WHAT THE EXERCISE ASKS:
No pictures go into the copy. Write out every line below exactly.

RECORDED INFORMATION:
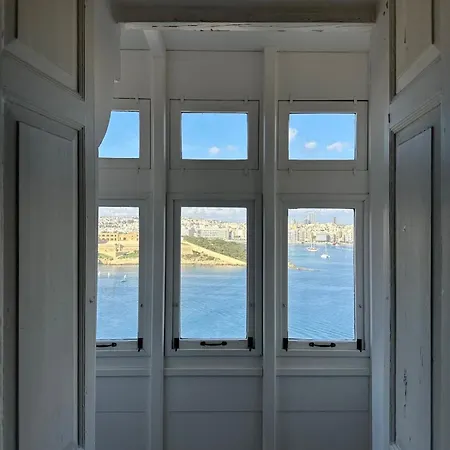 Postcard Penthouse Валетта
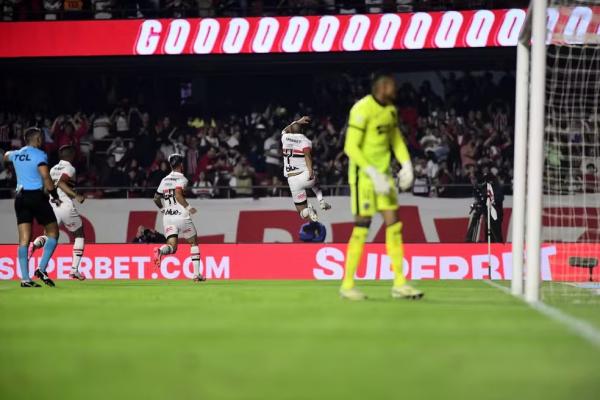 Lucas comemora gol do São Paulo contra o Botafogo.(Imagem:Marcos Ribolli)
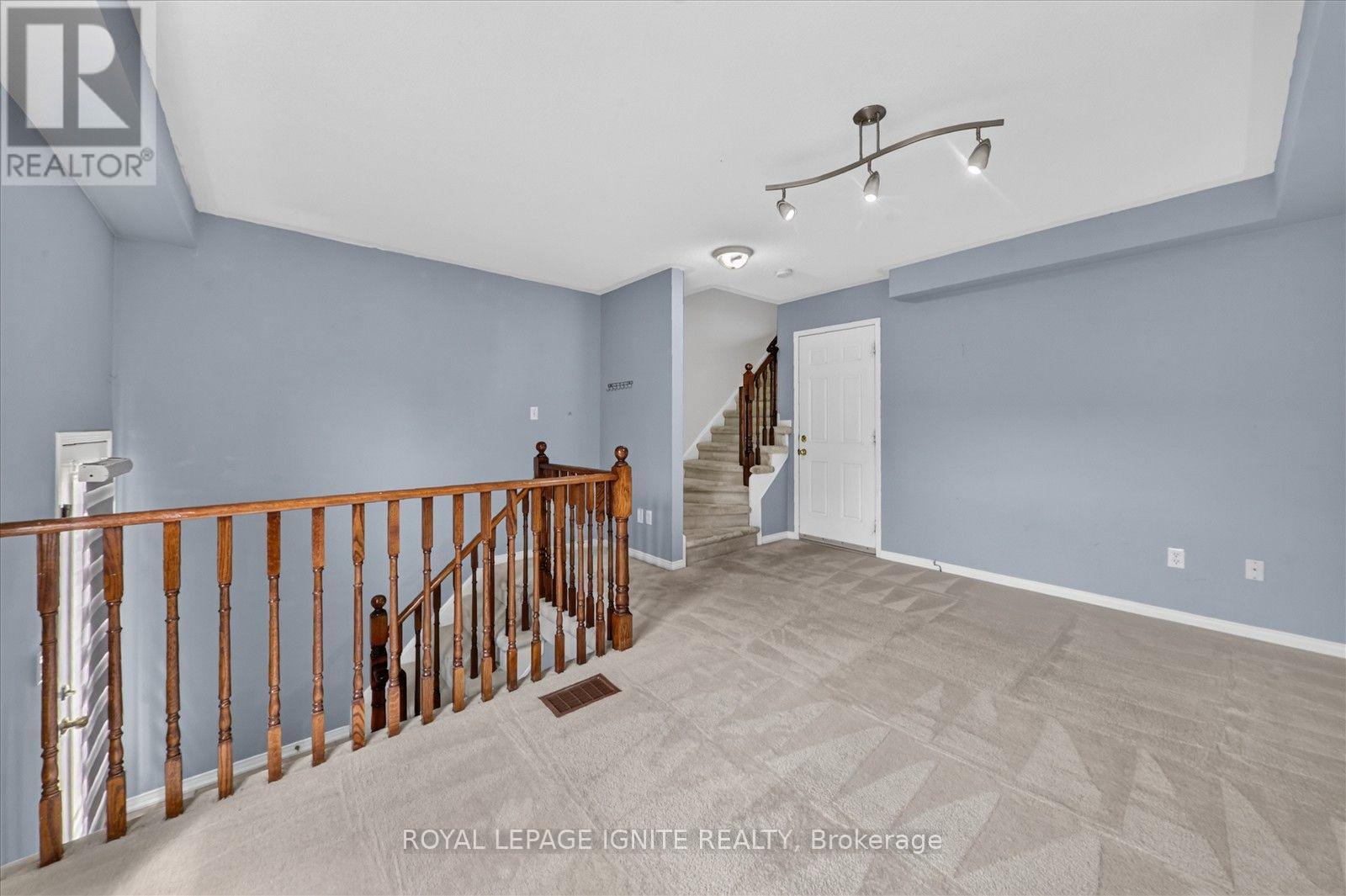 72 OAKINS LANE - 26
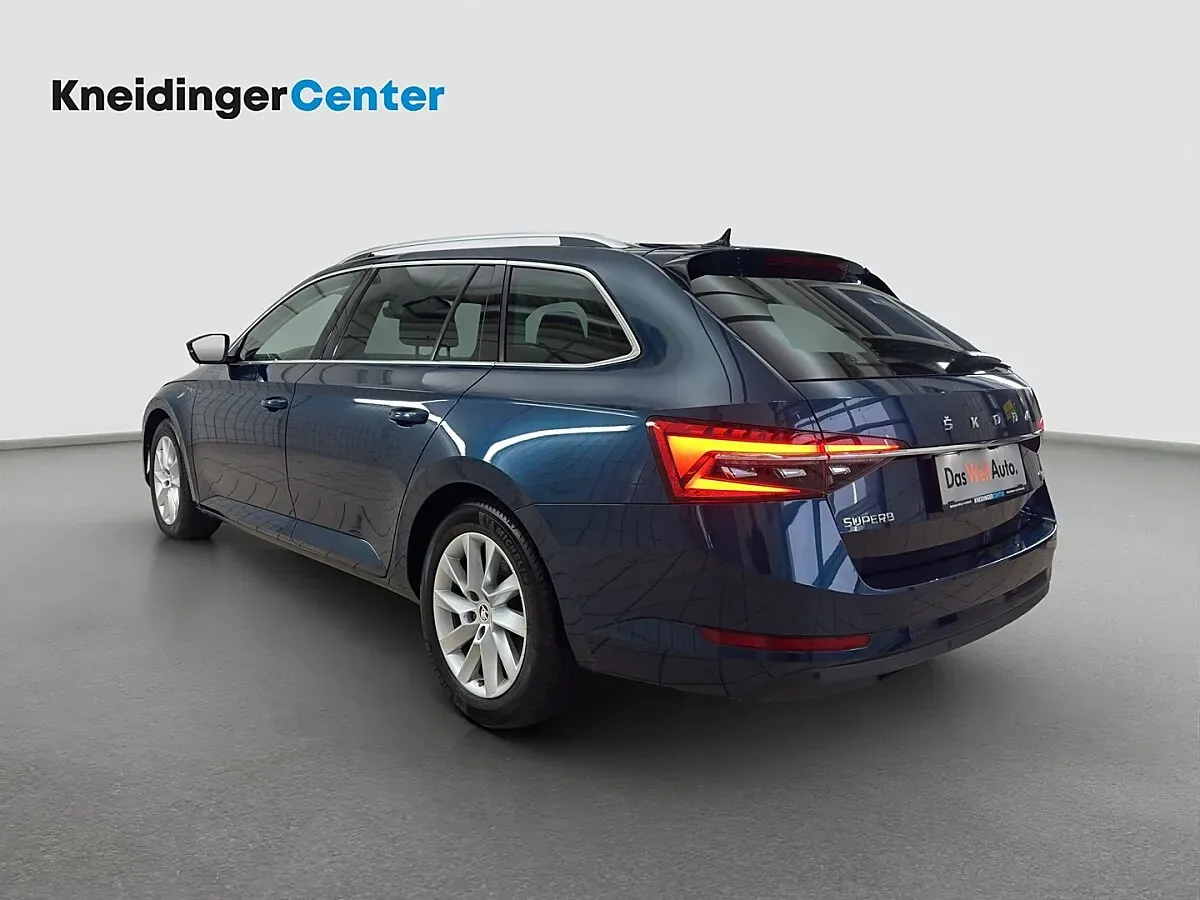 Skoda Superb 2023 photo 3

REPLY:
 Postcard Penthouse Валетта
 Lucas comemora gol do São Paulo contra o Botafogo.(Imagem:Marcos Ribolli)
 72 OAKINS LANE - 26
 Skoda Superb 2023 photo 3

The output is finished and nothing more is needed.